Ordered The Execution Of A Fetish Priest To Discourage People From Using Juju
The story of one ‘Yeye Boy’, Torgbui Akakpovi Ahiaku, is one of the most retold of the Rawlings era. Despite hailing from the Volta Region and being someone suspected of having utilised the ‘dark arts’ himself, the killing of Yeye Boy and several other traditionalists suspected of ritual murder was one more piece of terror during a time of habitual terror in Ghana’s history.
Like most other people who simply disappeared at the time, Yeye Boy was abducted from his home at Atidzive, near Abor, by soldiers in the dark of night in 1982. His charred body was found a few days later, having been executed and burnt, as was the ‘tradition’ at the time.
Yeye Boy reportedly worked for Rawlings in the past, but the pair had a falling out.

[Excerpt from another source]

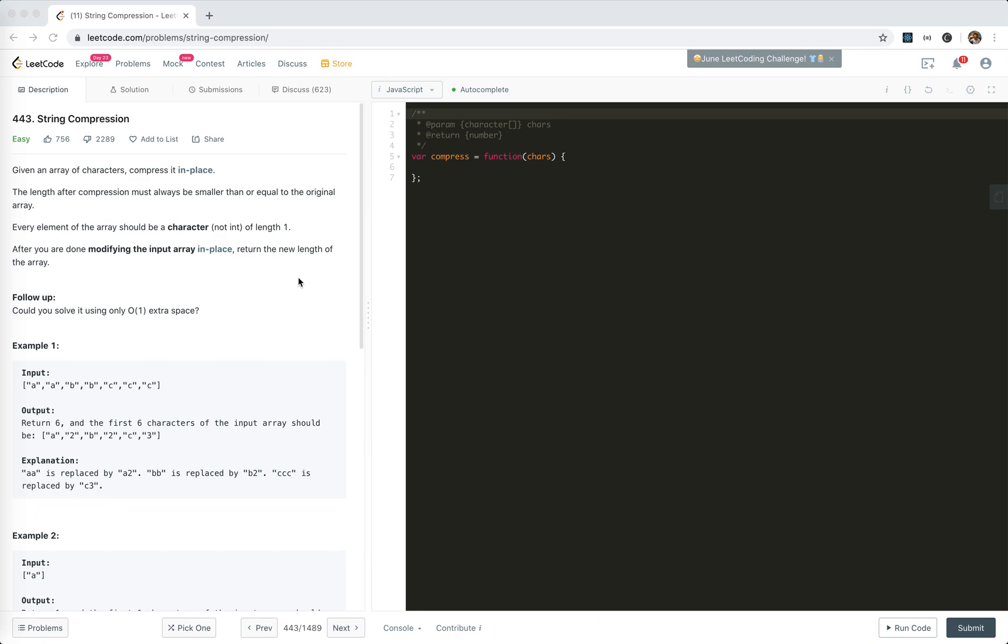Hey guys, this is Jaycer. How's everything going? In this video, it's about an easy problem again. It's 443 string compression.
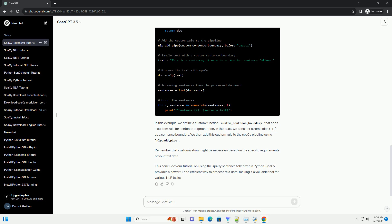This concludes our tutorial on using the Spacey sentence tokenizer in Python. Spacey provides a powerful and efficient way to process text data, making it a valuable tool for various NLP tasks.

He was just one of many traditionalists who were killed under the PNDC, not to mention the other civil servants and people who protested against the regime – some of whom vanished, never to be heard from again.
Speaking at a press conference on the issue during the sittings of the National Reconciliation Commission, the former leader said the execution of people like Yeye Boy was for their ritual murders and to dissuade others from following the same path.
“When people commit ritual murders and we catch up with them and the chiefs and timber merchants, and we execute them right in their villages for people to think that juju has not saved them, then we are violent people?” the former President said at the time.